* **SUPPLIED MATERIAL**:

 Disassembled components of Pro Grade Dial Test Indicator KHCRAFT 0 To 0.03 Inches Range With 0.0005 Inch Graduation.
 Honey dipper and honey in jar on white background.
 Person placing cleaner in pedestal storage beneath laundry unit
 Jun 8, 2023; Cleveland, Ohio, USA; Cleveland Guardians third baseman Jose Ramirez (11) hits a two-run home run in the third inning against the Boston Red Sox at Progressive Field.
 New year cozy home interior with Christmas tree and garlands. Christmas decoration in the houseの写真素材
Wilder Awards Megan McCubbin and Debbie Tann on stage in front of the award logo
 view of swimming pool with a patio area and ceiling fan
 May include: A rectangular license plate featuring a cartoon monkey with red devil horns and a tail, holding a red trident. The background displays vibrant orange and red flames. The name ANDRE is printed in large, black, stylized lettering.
...
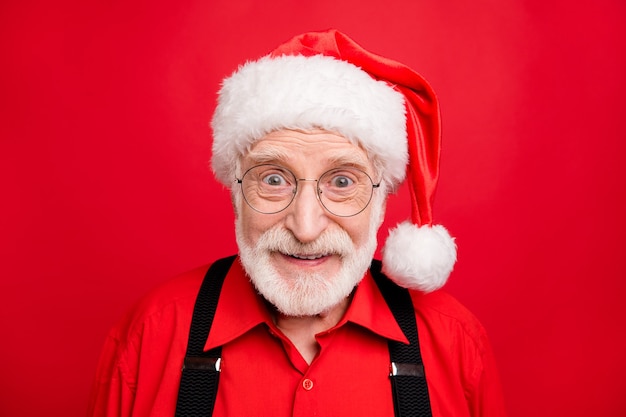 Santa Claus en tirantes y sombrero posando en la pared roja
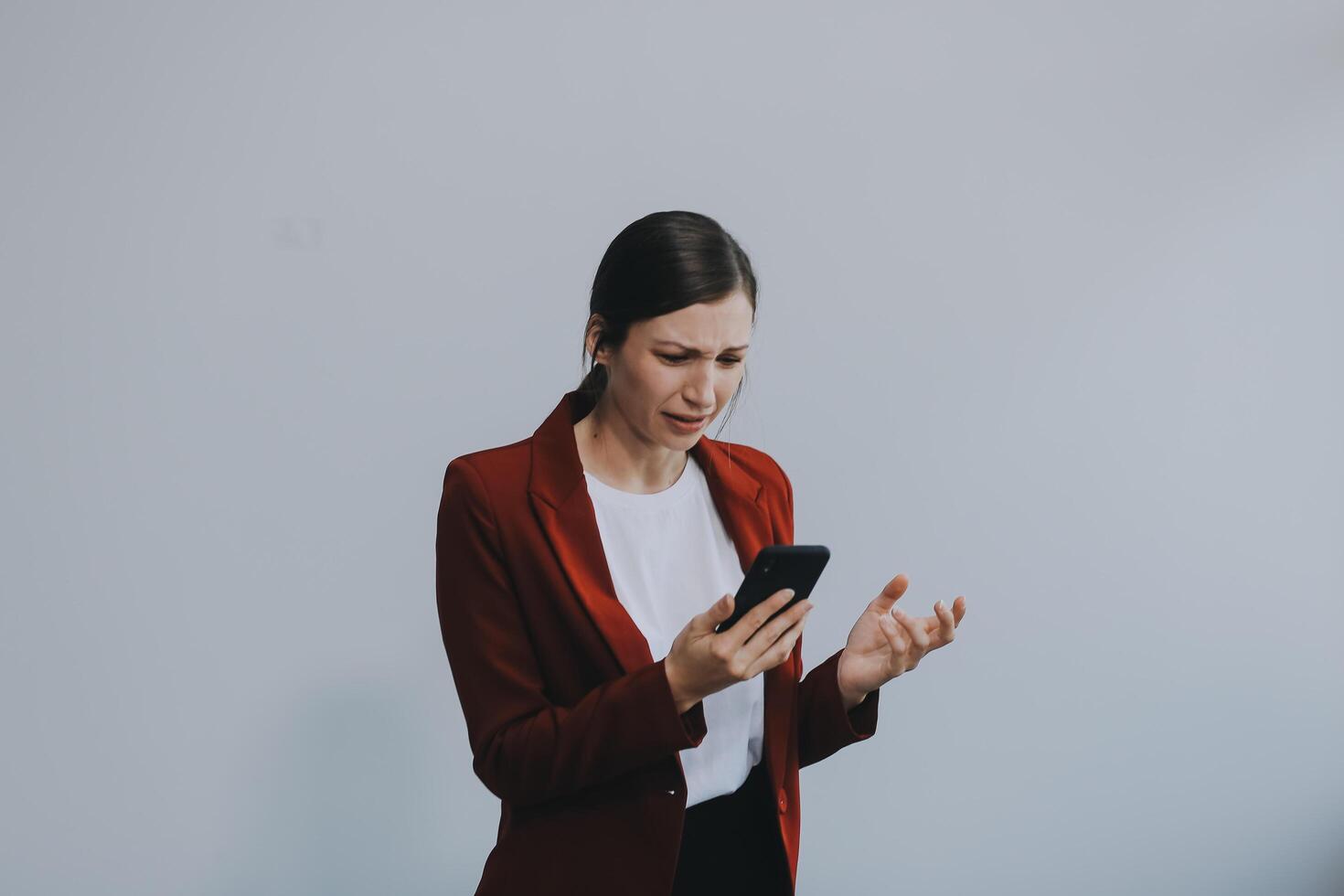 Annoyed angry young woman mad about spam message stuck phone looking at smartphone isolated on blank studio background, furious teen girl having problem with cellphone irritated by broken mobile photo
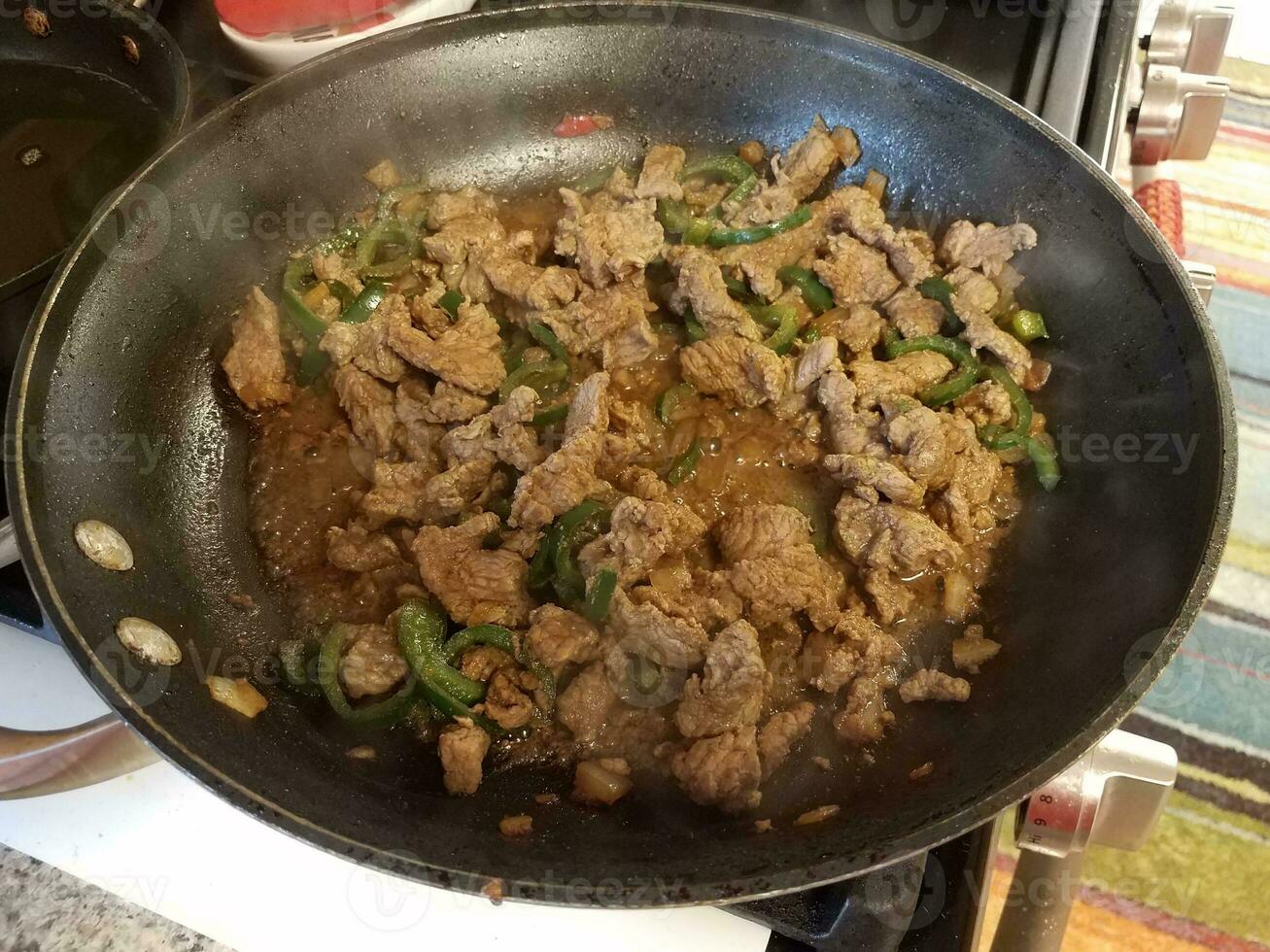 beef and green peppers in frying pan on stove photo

* **TASK DIRECTIONS**: In the listing above, the lines from the one containing "Disassembled components of" through the one containing "Person placing cleaner" must be set down exactly, with no other lines.

* **EXERCISE SOLUTION**:
 Disassembled components of Pro Grade Dial Test Indicator KHCRAFT 0 To 0.03 Inches Range With 0.0005 Inch Graduation.
 Honey dipper and honey in jar on white background.
 Person placing cleaner in pedestal storage beneath laundry unit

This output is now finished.